秘書と野獣
どこでもいいから座りたい。
そう思って駆け込んだデパートでふとあるものが目に入る。それはコスメカウンターでワンコインでフルメイクを施してくれるというイベントだった。
いつもの私なら気付くことすらなく素通りしていただろう。
けれどこの時の私はおかしかったのだ。
自分でもわからない何かが私を突き動かし、気が付けば目の前ではアドバイザーの女性が満面の笑みを浮かべて手を動かしていた。
どんな会話をしたのかも覚えていないけれど、しばらくして鏡に映ったのは見たこともない女の顔。
これが私なのだろうか…?
初めて見る別人の自分に、一番驚いたのは他でもない私自身だった。
女性もよほど仕上がりに満足したのか、大絶賛を受けた私は導かれるようにブランド服が並ぶ店へと入っていた。今の身なりとメイクのアンバランスさに内心驚いていた店員も、むしろそれでこそやりがいがあると思ったのか、ここでも私は熱心に磨かれていった。
そうしていつもの私を知る人が見たら絶対に気付かないほど別人へと変貌を遂げた私は、どうせならいつもはしないことをしてみようと思い立った。

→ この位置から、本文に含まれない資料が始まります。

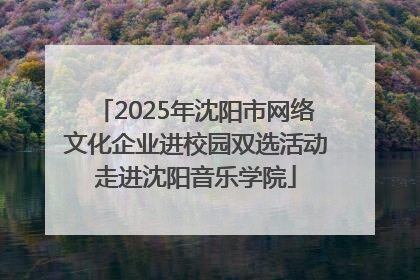 2025年沈阳市网络文化企业进校园双选活动走进沈阳音乐学院
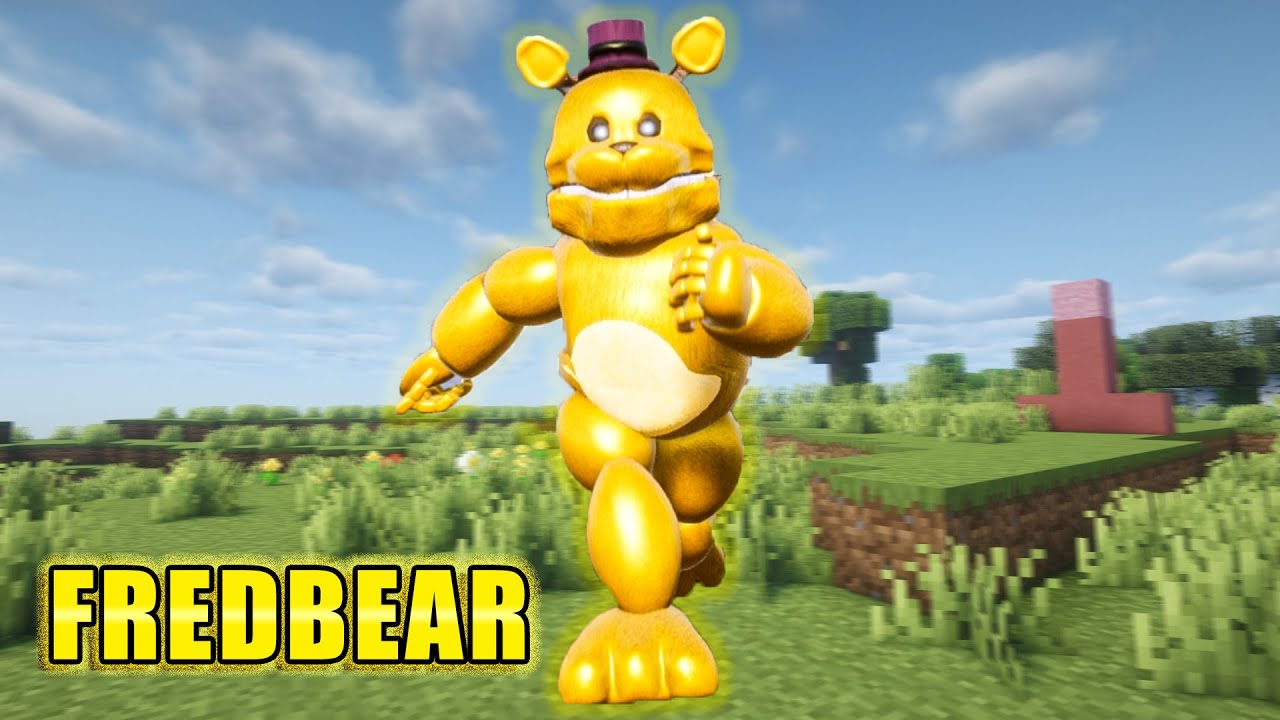 Thánh chạy Fredbear giờ đã có ở trong Minecraft? [1.20.1 Mod] - YouTube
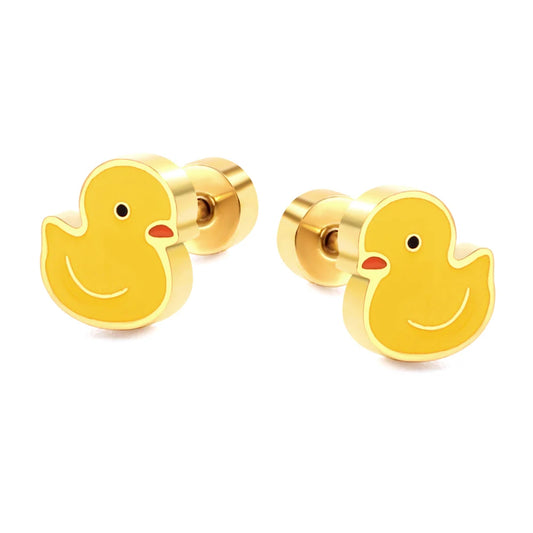 Boucles d'Oreilles- Puces Canard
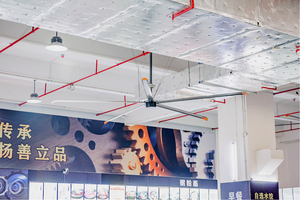VFans Ventilatore Industriale HVLS da 3.6m, 4.2m, 5m con Motore a Magneti Permanenti ad Alta Efficienza per Magazzini - Product Image 5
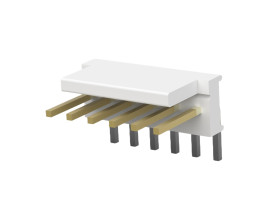 Listwa stykowa PCB 6-pinowe 3-644 raster: 2.54 mm Kąt prosty 1-rzędowe TE Connectivity Płyta 250 V W osłonie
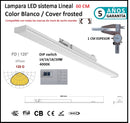 Lamparas Lineales comerciales 60 cm 4000K Blanca frosted 3200lm 20W DIP ajustable 14/16/18/20W CRI90 3 Cables AC100-227V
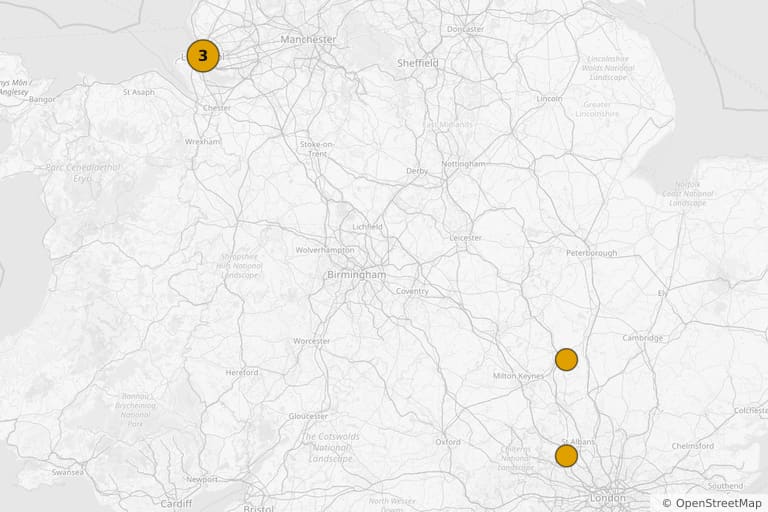 Mapa miejsc kręcenia filmu Fantastyczne zwierzęta i jak je znaleźć (2016)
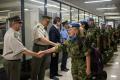 Members of the Serbian Armed Forces return from the Central African Republic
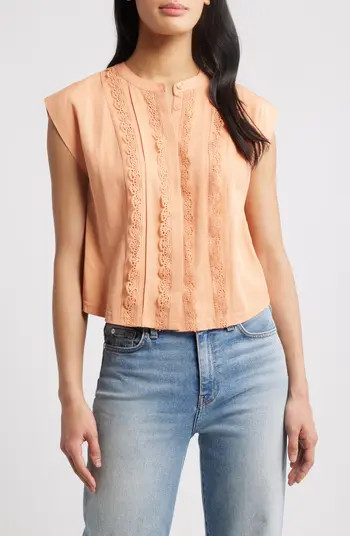 Wit & Wisdom Embellished Cap Sleeve Button-Up Shirt | Nordstromrack | Nordstrom Rack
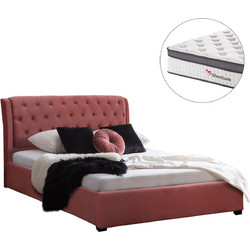 HomeMarkt ODALYS Κρεβάτι Διπλό Υφασμάτινο με Στρώμα & Τελάρο 150x200cm HM10748.12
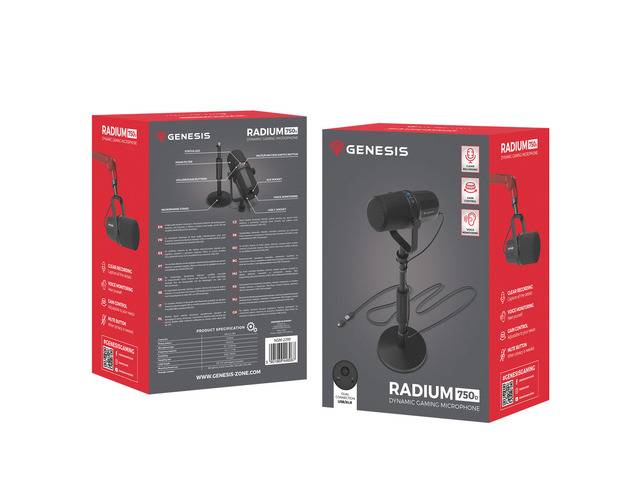 natec Gaming Mikrofon RADIUM 750D (NGM-2290)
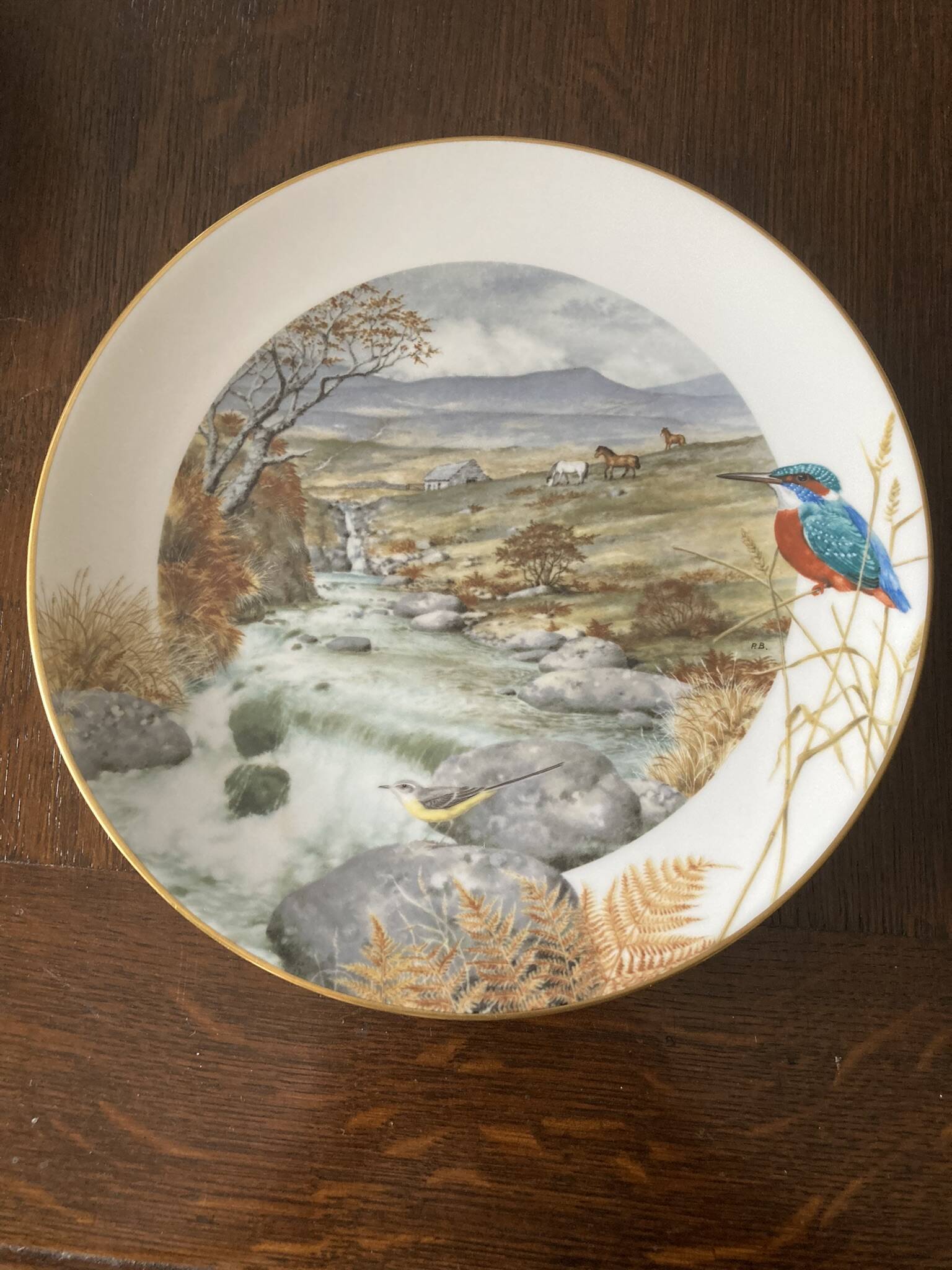 Set of 12 decorative plates Royal Worcester – Peter Barrett – Edition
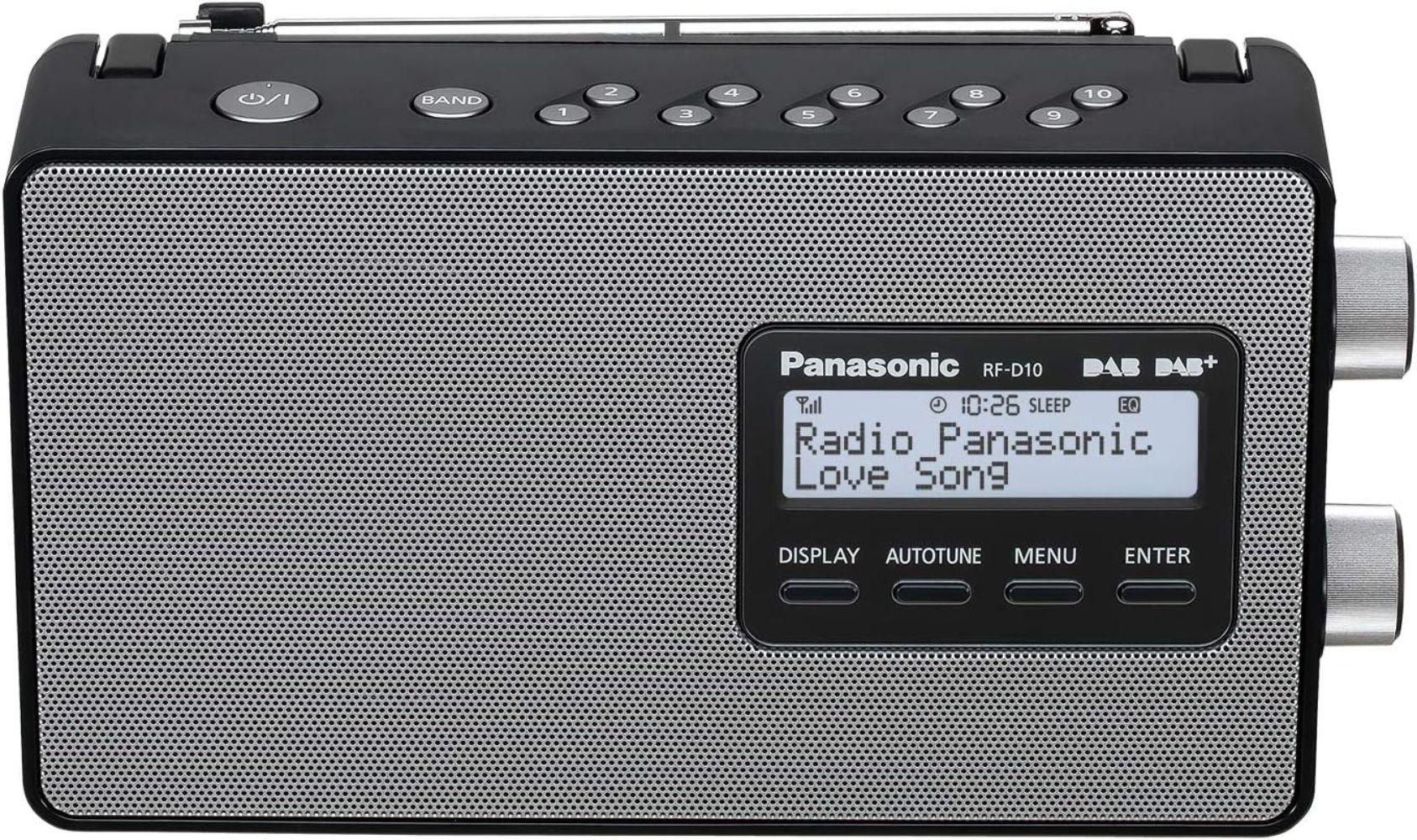 Refurbished Panasonic RF-D10GN DAB & DAB+ Compatible Radio - Reebelo Ireland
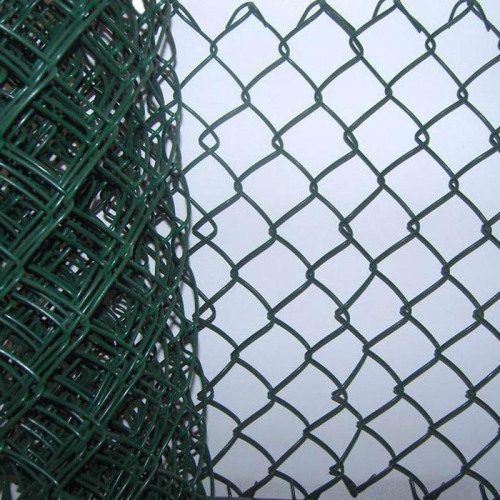 50x50mm PVC Coated Chain Link Fence 50x50mm hot dipped galvanized chain link fence Supplier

長い人生、たった一度くらい冒険したっていいじゃない。
そんな高揚感に包まれながら、私は吸い込まれるようにしてとあるバーへと足を踏み入れた。
オシャレなジャズが流れる店内はムーディな雰囲気が漂い、いかにも洗練された大人のための空間といった感じだった。一瞬本当に自分が入って許されるのだろうかと怯んだけれど、今の私は私であって私じゃない。そう言い聞かせ、自分は出来る女なのだと、女優になった気分でその雰囲気を思う存分楽しむことにした。